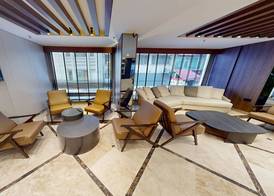Istanbul River Hotel 3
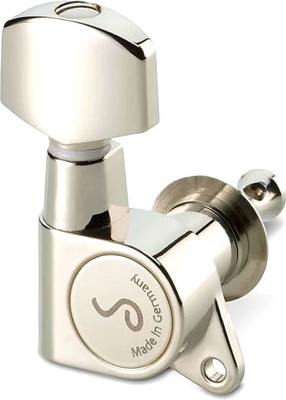 Набор колков для гитары Schaller 10020120.01.36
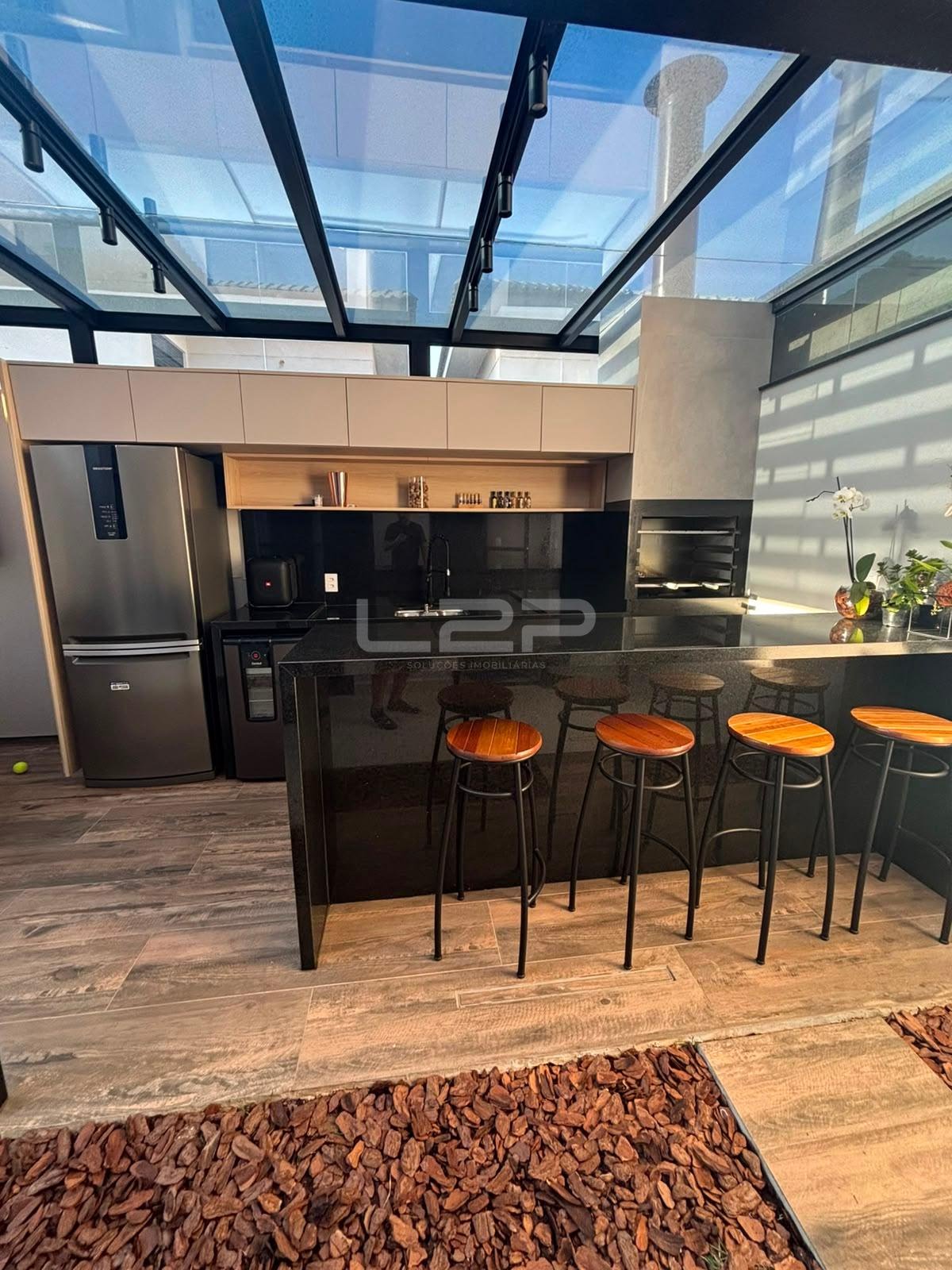 Casa à venda com 3 quartos, 3 suítes, 2 vagas e 140m² no Medeiros, Jundiaí (SP) — foto 7 de 26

_ _ _ _ _

> [What is expected]:
Output the line containing "Набор колков для" and each line after it, through the end of the material, exactly as given. No pictures belong in the output.

> [Task response]:
 Набор колков для гитары Schaller 10020120.01.36
 Casa à venda com 3 quartos, 3 suítes, 2 vagas e 140m² no Medeiros, Jundiaí (SP) — foto 7 de 26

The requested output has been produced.